What the exercise asks:
Any picture in the material should be left out, while all other lines are copied exactly.

BEGIN Dataset

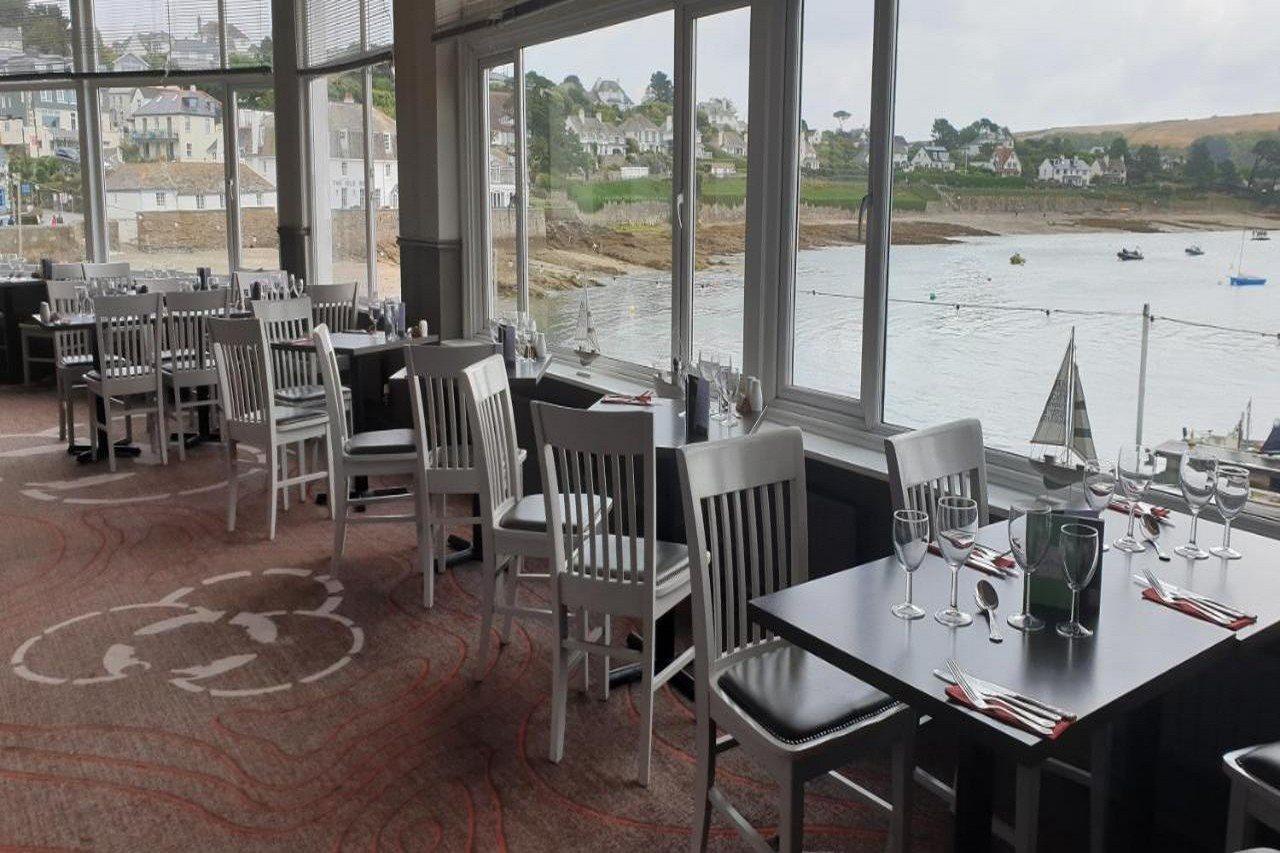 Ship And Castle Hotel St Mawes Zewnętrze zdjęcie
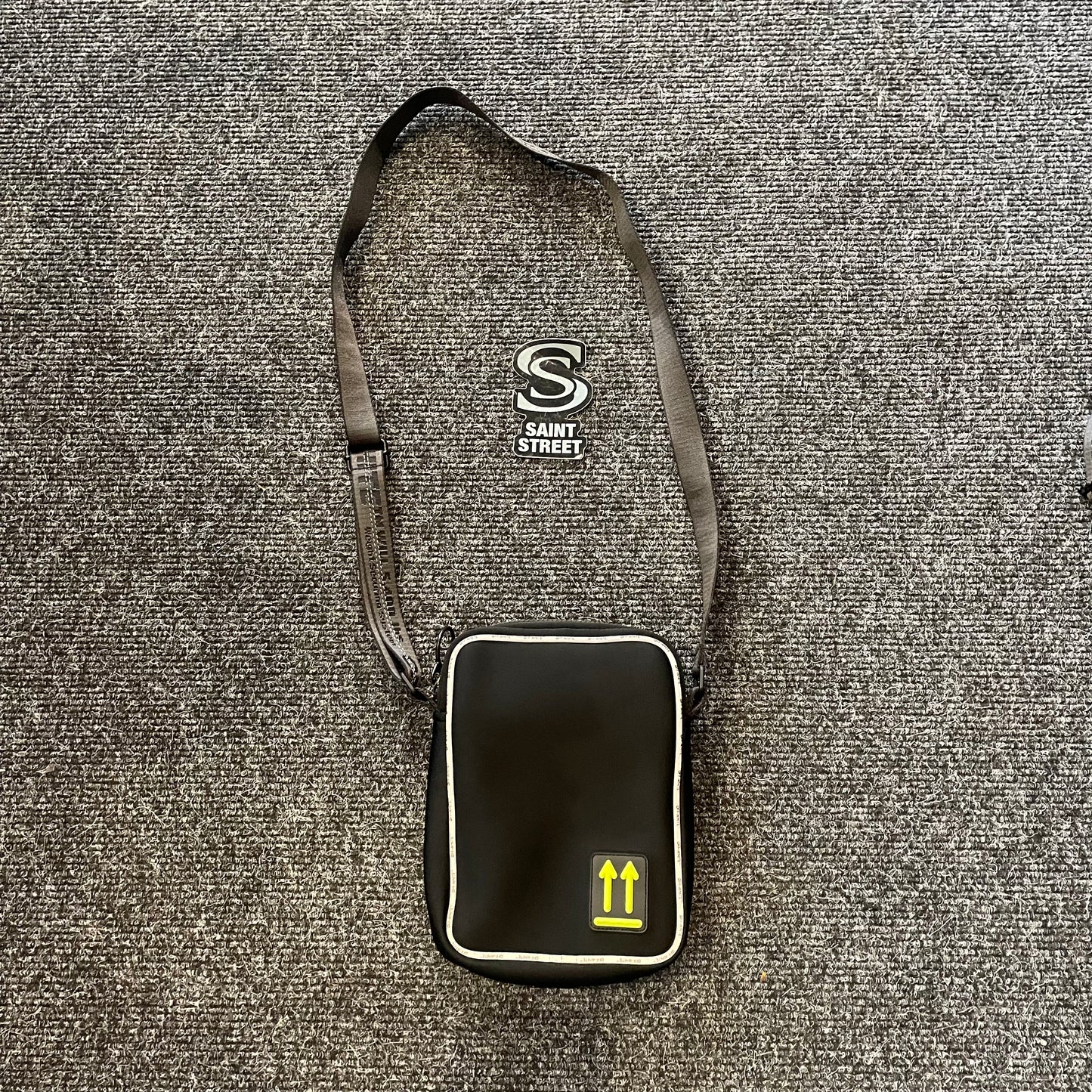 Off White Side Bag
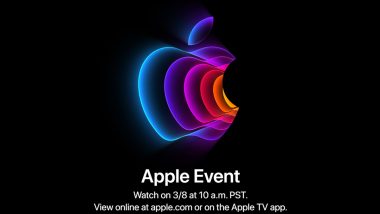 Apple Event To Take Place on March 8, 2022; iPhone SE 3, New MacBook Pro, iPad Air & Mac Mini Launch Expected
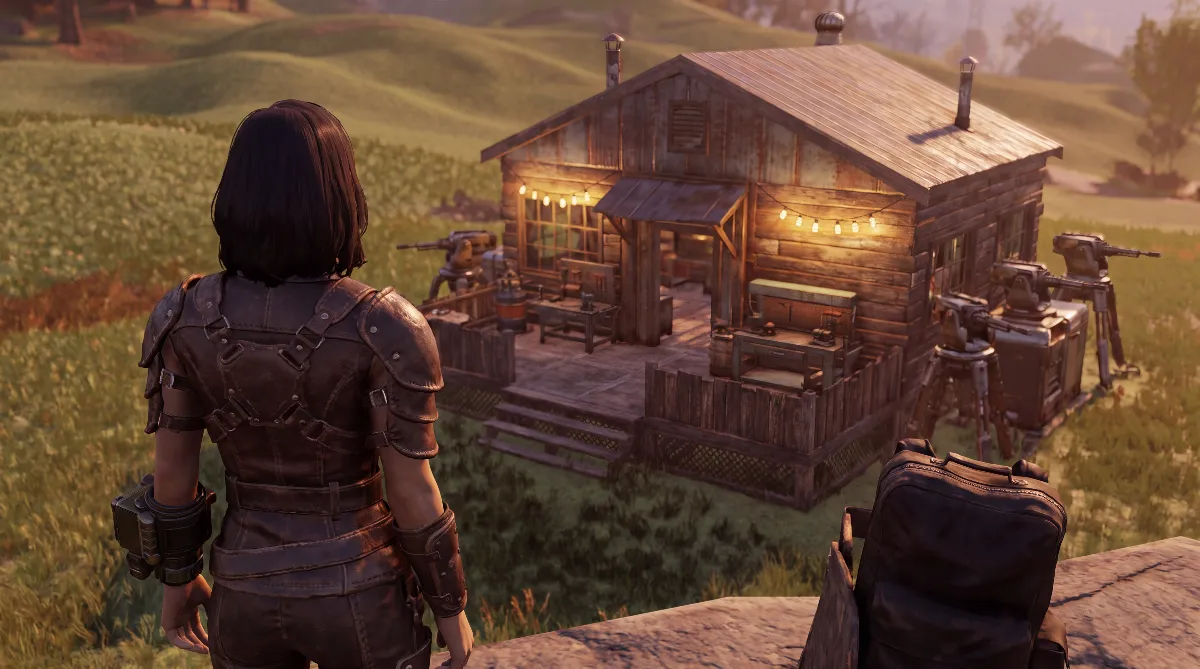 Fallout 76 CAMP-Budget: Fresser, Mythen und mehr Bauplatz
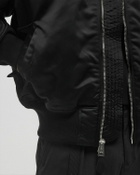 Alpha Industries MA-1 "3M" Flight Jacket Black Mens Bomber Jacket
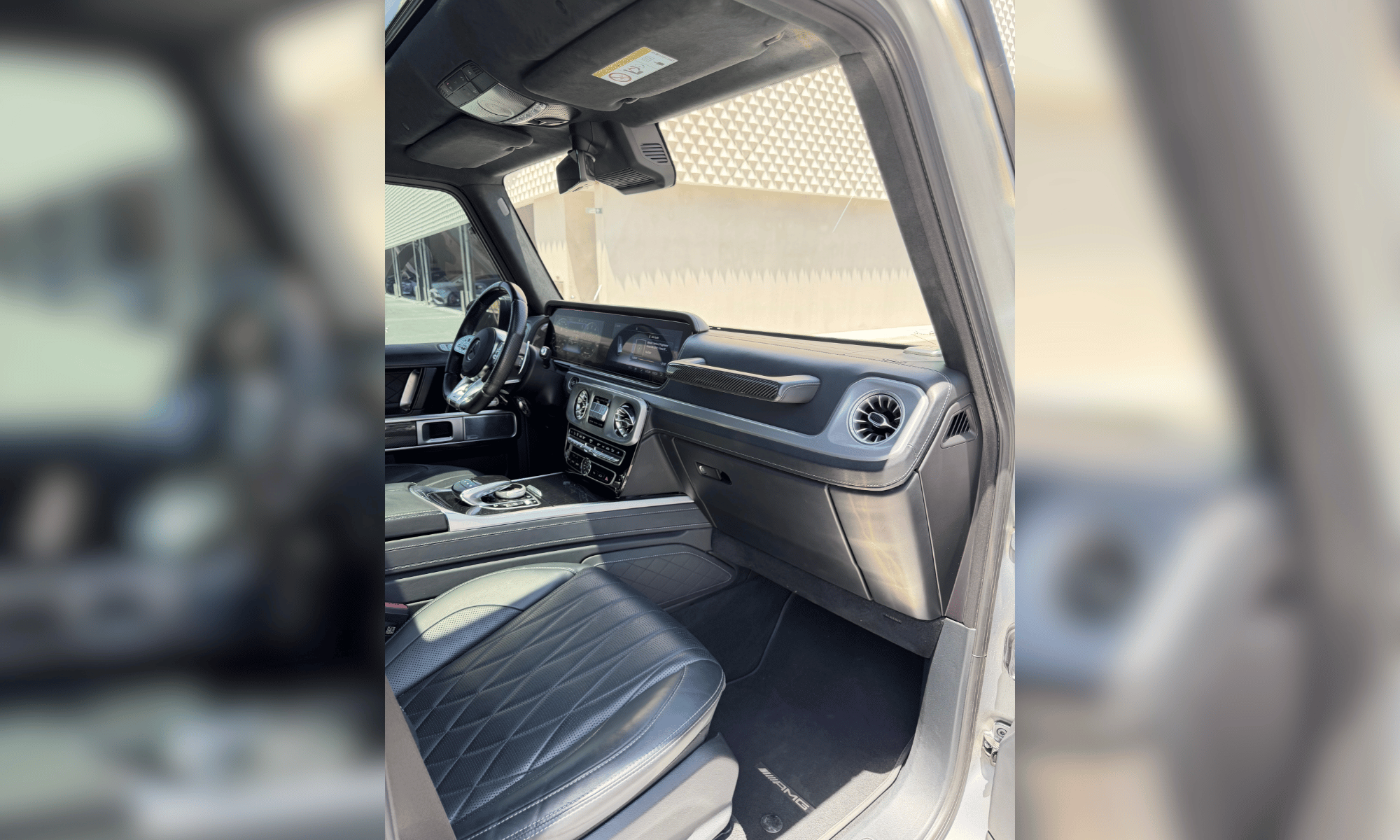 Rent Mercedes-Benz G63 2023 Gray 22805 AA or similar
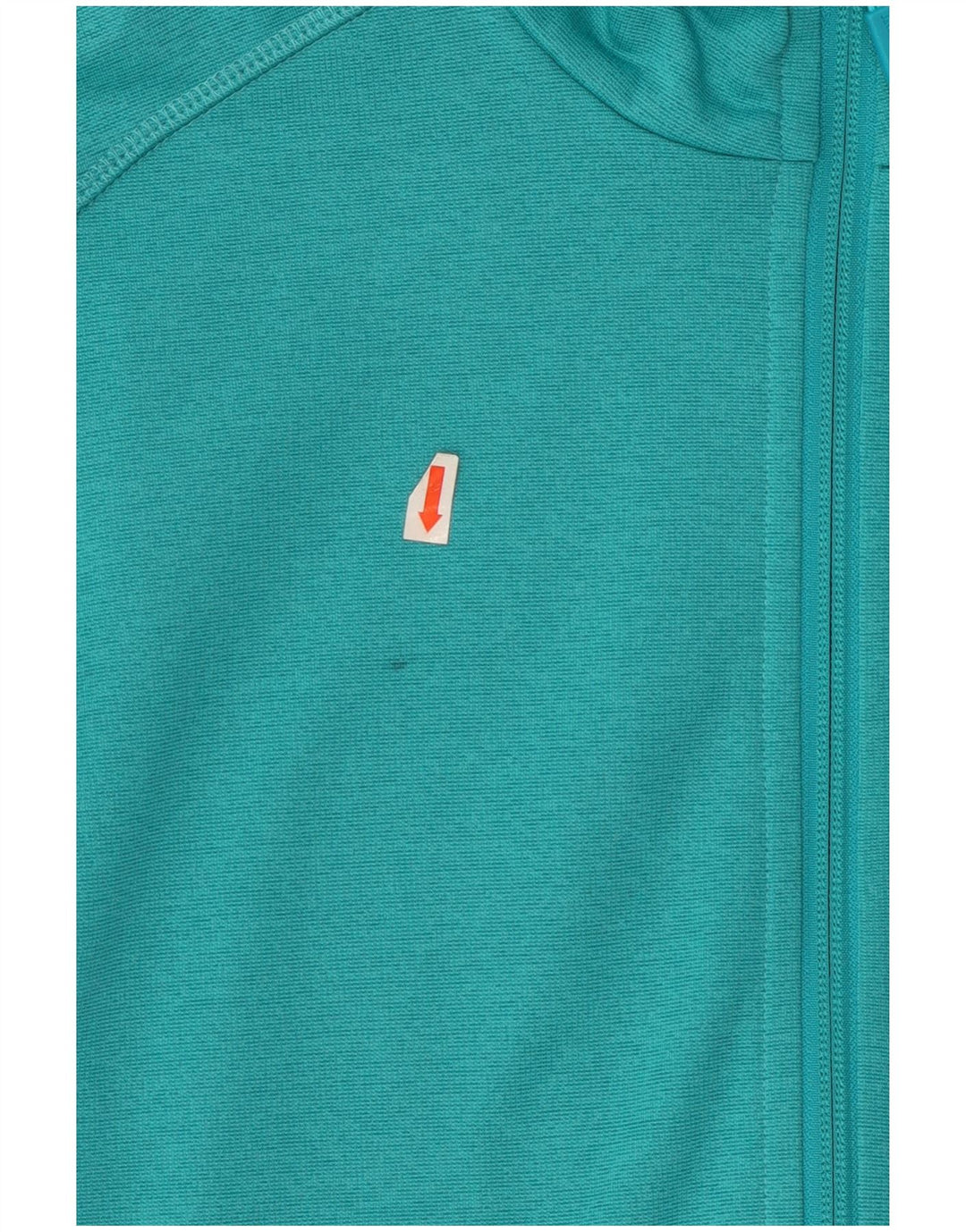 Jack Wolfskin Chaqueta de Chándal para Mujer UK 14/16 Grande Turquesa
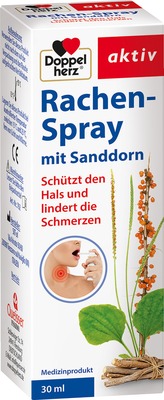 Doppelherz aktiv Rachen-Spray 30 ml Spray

END Dataset

Answer below:
 Ship And Castle Hotel St Mawes Zewnętrze zdjęcie
 Off White Side Bag
 Apple Event To Take Place on March 8, 2022; iPhone SE 3, New MacBook Pro, iPad Air & Mac Mini Launch Expected
 Fallout 76 CAMP-Budget: Fresser, Mythen und mehr Bauplatz
 Alpha Industries MA-1 "3M" Flight Jacket Black Mens Bomber Jacket
 Rent Mercedes-Benz G63 2023 Gray 22805 AA or similar
 Jack Wolfskin Chaqueta de Chándal para Mujer UK 14/16 Grande Turquesa
 Doppelherz aktiv Rachen-Spray 30 ml Spray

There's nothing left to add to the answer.